Your instructions: The lines to repeat run from the one containing "Babasını dövüp, 'Senin" through the last line of the records below; repeat them exactly and give nothing more.
====
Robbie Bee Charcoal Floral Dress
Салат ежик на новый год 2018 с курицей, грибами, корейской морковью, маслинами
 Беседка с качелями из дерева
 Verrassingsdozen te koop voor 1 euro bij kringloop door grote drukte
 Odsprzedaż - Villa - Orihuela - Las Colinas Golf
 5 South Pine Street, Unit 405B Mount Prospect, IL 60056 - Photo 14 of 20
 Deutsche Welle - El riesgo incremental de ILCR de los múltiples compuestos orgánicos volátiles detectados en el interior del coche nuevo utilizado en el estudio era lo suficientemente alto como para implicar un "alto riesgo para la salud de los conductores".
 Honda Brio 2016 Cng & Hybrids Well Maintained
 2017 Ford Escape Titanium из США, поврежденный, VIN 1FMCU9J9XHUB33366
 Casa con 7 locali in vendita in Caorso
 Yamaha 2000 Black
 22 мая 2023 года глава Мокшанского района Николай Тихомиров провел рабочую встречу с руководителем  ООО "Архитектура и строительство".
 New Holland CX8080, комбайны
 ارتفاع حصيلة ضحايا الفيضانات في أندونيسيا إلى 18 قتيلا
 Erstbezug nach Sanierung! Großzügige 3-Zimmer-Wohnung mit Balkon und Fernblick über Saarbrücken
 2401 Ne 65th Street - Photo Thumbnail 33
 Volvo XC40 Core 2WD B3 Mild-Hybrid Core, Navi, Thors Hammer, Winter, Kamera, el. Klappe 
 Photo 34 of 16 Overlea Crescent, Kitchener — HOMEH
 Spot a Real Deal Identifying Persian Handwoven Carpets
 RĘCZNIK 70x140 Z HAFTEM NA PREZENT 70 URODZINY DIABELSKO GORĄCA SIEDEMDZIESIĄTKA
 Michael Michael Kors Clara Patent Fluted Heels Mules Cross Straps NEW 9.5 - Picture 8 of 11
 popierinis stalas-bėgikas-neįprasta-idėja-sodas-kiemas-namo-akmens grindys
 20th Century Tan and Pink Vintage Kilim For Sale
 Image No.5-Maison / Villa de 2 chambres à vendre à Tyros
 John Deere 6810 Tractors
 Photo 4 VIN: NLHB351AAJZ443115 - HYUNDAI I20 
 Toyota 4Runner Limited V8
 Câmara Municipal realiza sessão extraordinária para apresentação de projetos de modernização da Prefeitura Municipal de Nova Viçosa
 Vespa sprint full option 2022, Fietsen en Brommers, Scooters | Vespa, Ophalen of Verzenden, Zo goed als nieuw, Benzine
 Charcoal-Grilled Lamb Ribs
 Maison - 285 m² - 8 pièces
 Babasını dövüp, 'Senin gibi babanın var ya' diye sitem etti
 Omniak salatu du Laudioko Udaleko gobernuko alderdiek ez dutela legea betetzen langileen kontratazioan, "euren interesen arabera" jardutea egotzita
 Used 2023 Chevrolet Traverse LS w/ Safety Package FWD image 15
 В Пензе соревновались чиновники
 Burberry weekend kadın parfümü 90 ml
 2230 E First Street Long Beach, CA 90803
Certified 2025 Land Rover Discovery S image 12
====
Answer to this exercise:
 Babasını dövüp, 'Senin gibi babanın var ya' diye sitem etti
 Omniak salatu du Laudioko Udaleko gobernuko alderdiek ez dutela legea betetzen langileen kontratazioan, "euren interesen arabera" jardutea egotzita
 Used 2023 Chevrolet Traverse LS w/ Safety Package FWD image 15
 В Пензе соревновались чиновники
 Burberry weekend kadın parfümü 90 ml
 2230 E First Street Long Beach, CA 90803
Certified 2025 Land Rover Discovery S image 12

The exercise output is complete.